Timeline showing recovery of provision-service, upscaling of web-tier and recovery
Timeline of the incident to beginning of recovery.

By the time Slack had recovered, engineers at AWS had found the trigger for our problems: Part of our AWS networking infrastructure had indeed become saturated and was dropping packets. 

A little architectural background is needed here: Slack started life, not so many years ago, with everything running in one AWS account. As we’ve grown in size, complexity, and number of engineers we’ve moved away from that architecture towards running services in separate accounts and in dedicated Virtual Private Clouds (VPCs). This gives us more isolation between different services, and means that we can control operator privileges with much more granularity. We use AWS Transit Gateways (TGWs) as hubs to link our VPCs. 

On January 4th, one of our Transit Gateways became overloaded. The TGWs are managed by AWS and are intended to scale transparently to us. However, Slack’s annual traffic pattern is a little unusual: Traffic is lower over the holidays, as everyone disconnects from work (good job on the work-life balance, Slack users!). On the first Monday back, client caches are cold and clients pull down more data than usual on their first connection to Slack. We go from our quietest time of the whole year to one of our biggest days quite literally overnight.

Our own serving systems scale quickly to meet these kinds of peaks in demand (and have always done so successfully after the holidays in previous years). However, our TGWs did not scale fast enough. During the incident, AWS engineers were alerted to our packet drops by their own internal monitoring, and increased our TGW capacity manually. By 10:40am PST that change had rolled out across all Availability Zones and our network returned to normal, as did our error rates and latency. 

Timeline of the full incident and recovery.
Timeline of the full incident and recovery.

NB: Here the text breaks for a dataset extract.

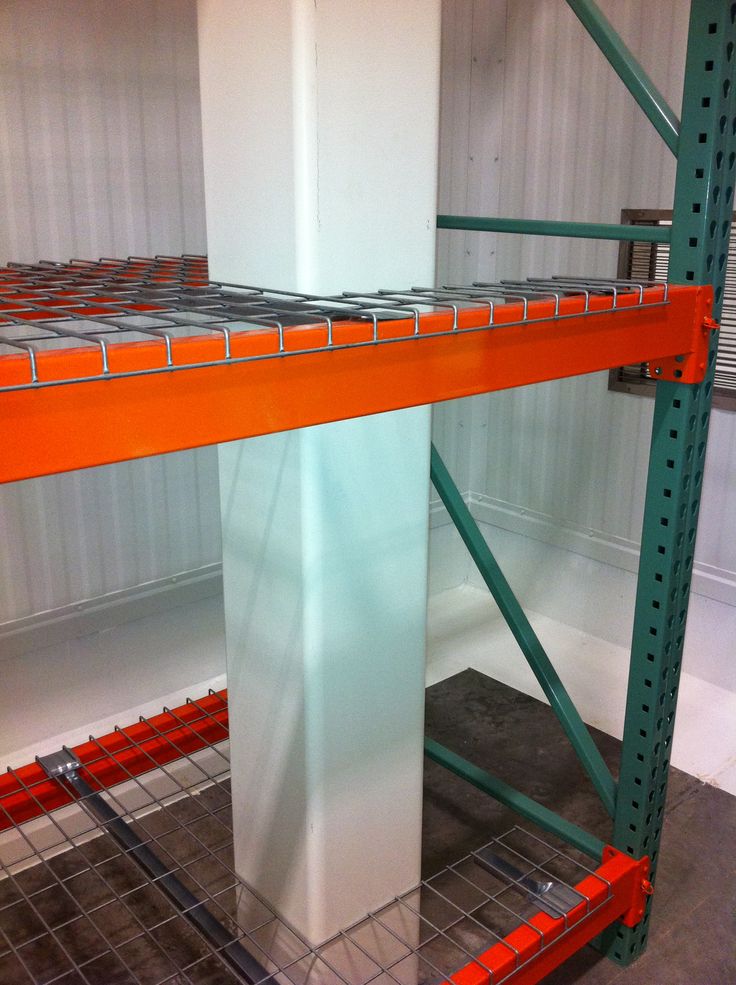 an orange and white shelf in a room with metal shelving on it's sides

AWS assures us that they are reviewing the TGW scaling algorithms for large packet-per-second increases as part of their post-incident process. We’ve also set ourselves a reminder (a Slack reminder, of course) to request a preemptive upscaling of our TGWs at the end of the next holiday season.

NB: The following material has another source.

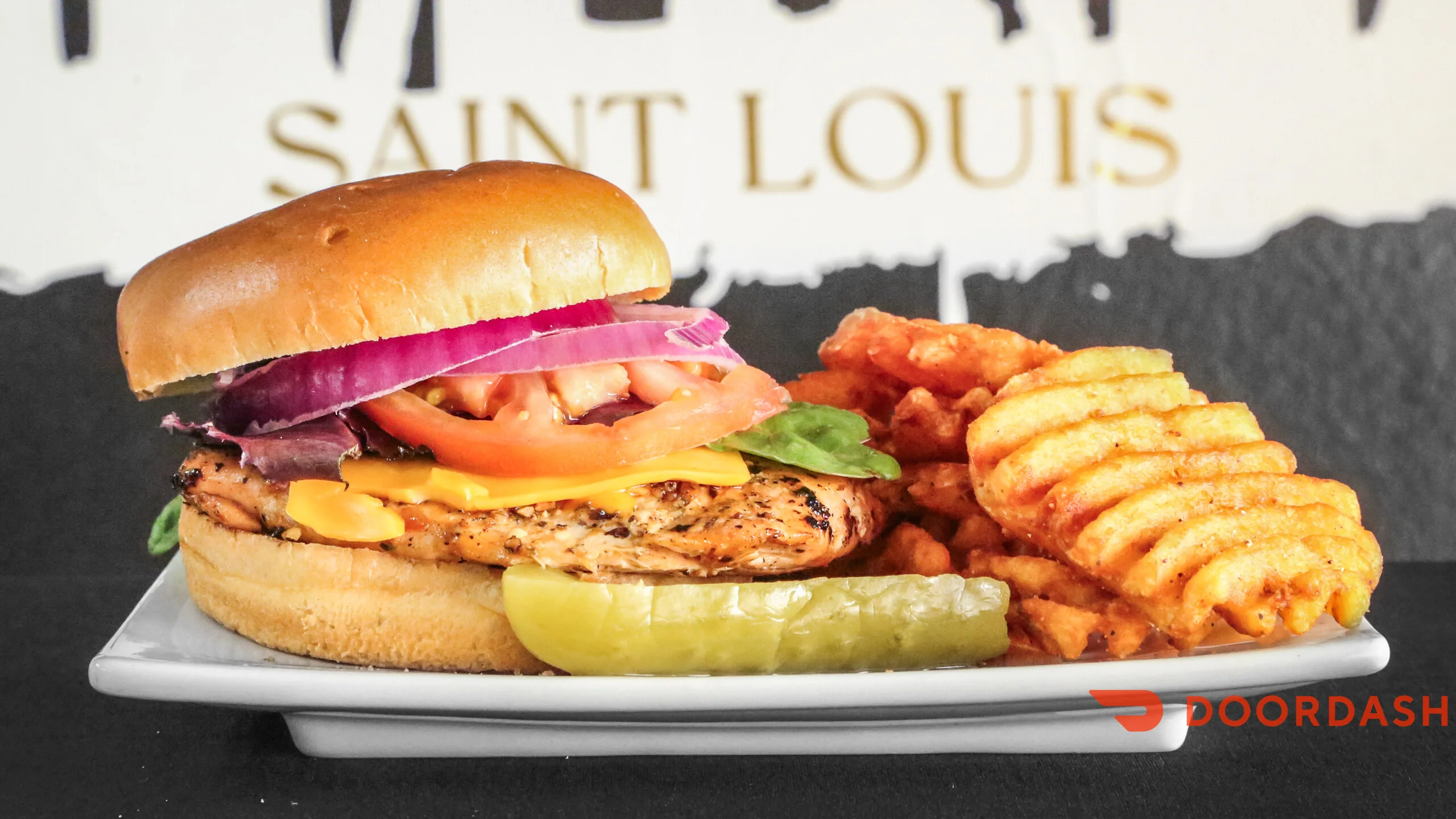 A close-up of a chicken burger topped with lettuce, tomato, onion, and cheese, served with waffle fries and a pickle on a plate.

 Monitoring is one of our most critical services — it’s how we know whether our user-facing services are healthy or not — and it is one of our most important tools for diagnosis of problems. We make efforts to keep our monitoring tools as independent of Slack’s infrastructure as possible, so that they don’t fail us when we need them the most. In this case, our dashboard and alerting services failed because they were running in a different VPC from their backend databases, creating a dependency on the TGWs. Running the dashboard service instances in the same VPC as their database will remove this dependency.

Finally, we’ll make sure to regularly load test provision-service to make sure there aren’t any more scaling problems in store (we’ve load tested it in the past but this event exceeded our previous scale-ups). We will also reevaluate our health-checking and autoscaling configurations to prevent inadvertently overloading provision-service again, even in extreme circumstances such as this significant network disruption.

We deeply regret the disruption in service. Every incident is an opportunity to learn, and an unplanned investment in future reliability. We learned a lot from this incident and, as always, we intend to make the most of this unplanned investment to make our infrastructure better in 2021 and beyond.